On 29 September 2003, the Court of Final Appeal found that they were satisfied that (i) the case involves a question of law which, by reason of its great public importance, ought to be submitted to the Court of Final Appeal for decision and (ii) that such decision was so urgently required that a 'leap-frog' appeal was warranted. The Board's application was not contested as the Harbour Society, quite sensibly, consented to both the leave to appeal and the 'leap frog' application.
Accordingly, the Board's appeal was set down for hearing for six days from 9 December 2003.
The Second Action: Harbour Society v Chief Executive In Council
In summary, the Harbour Society applied for judicial review of the Chief Executive In Council's decision to approve the Central District (Extension) Outline Zoning Plan No S/H24/6 (Central Reclamation Plan) based upon the Harbour Society's successful challenge of the Wanchai Reclamation Plan. The Harbour Society, as part of its judicial review application, also applied for interim relief. In substance, the Harbour Society sought orders that all work under the Central Reclamation Plan connected to the reclamation of the harbour be stopped. Although Hartmann J granted leave for judicial review, he refused the Harbour Society's application for interim injunctive relief. As a consequence, the Central Reclamation was allowed to proceed (again only for now). The basis for the decision is set out below.
Application for judicial review
The Harbour Society applied for judicial review on 25 September 2003. Hartmann J granted leave on 26 September 2003. The matter was heard on 3 October 2003 and a decision was handed down on 6 October 2003. There can be no doubt that the application was dealt with in a timely manner.
Question before the Court
It was common ground in this action that the decision of the Court of Final Appeal would provide final and definitive guidance on how the principles in s 3 of the Harbour Ordinance must be applied and consequently was likely to decide the issue of the present judicial review.

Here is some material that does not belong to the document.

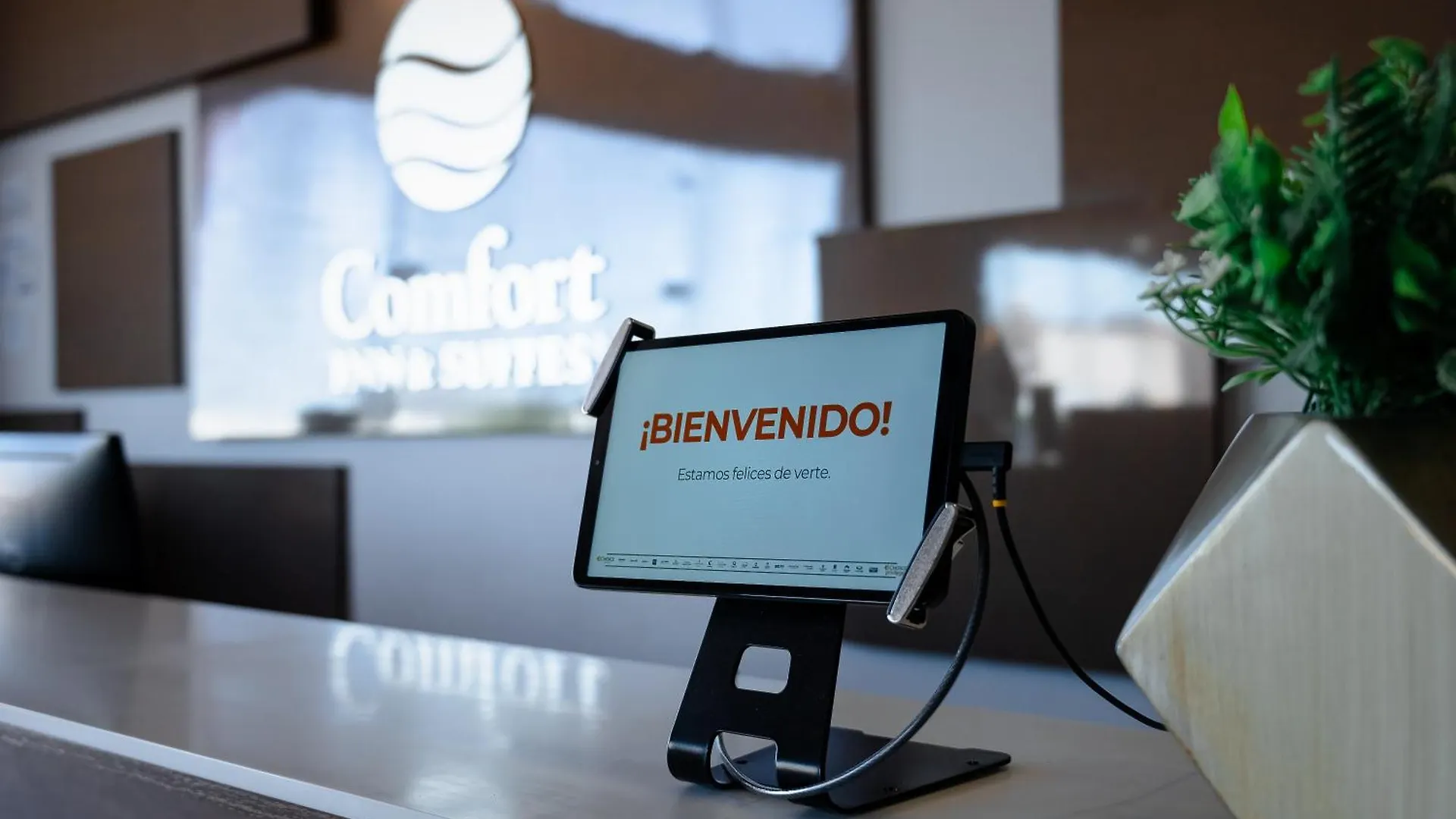 Hotel Comfort Inn & Suites Los Cabos Cabo San Lucas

Therefore, the question before the Court was whether the balance of convenience was in favour of stopping the reclamation work or in favour of allowing it to continue until the Court of Final Appeal's decision is given (expected in mid-January 2004 - some four or five months away at the time).
The Harbour Society's case
The Harbour Society contended that allowing the reclamation work to proceed, even on an interim basis, would result in irreparable and irreversible damage to the Harbour. It was submitted that once the reclaimed land was formed, which would only take a matter of months, it would be impossible to dig it up again. Essentially, it was submitted that the reclamation work would advance to a stage where, for all practical purposes, it would become a fait accompli.
Further, the Harbour Society submitted that the reclamation work could have an adverse effect on the ecology of the Harbour which could not be undone even if the reclamation work itself could be removed.
The Government's case
The Government submitted that (i) the reclamation would take two years to complete and not 'a matter of months', and (ii) the reclamation work would not be irreversible. In order to understand these submissions a basic understanding of the reclamation process is required.
To begin with, the reclamation work would take place in stages, one area at a time as opposed to reclaiming the entire area in one exercise. The first area, where work is presently taking place, is an area of approximately two hectares adjacent to the piers recently constructed in front of the IFC Tower 2. This work will allow the Star Ferry piers to be moved. Dredging work on the second area (Area 2) at the HMS Tamar Site, which comprises approximately six hectares, is due to commence in January 2004.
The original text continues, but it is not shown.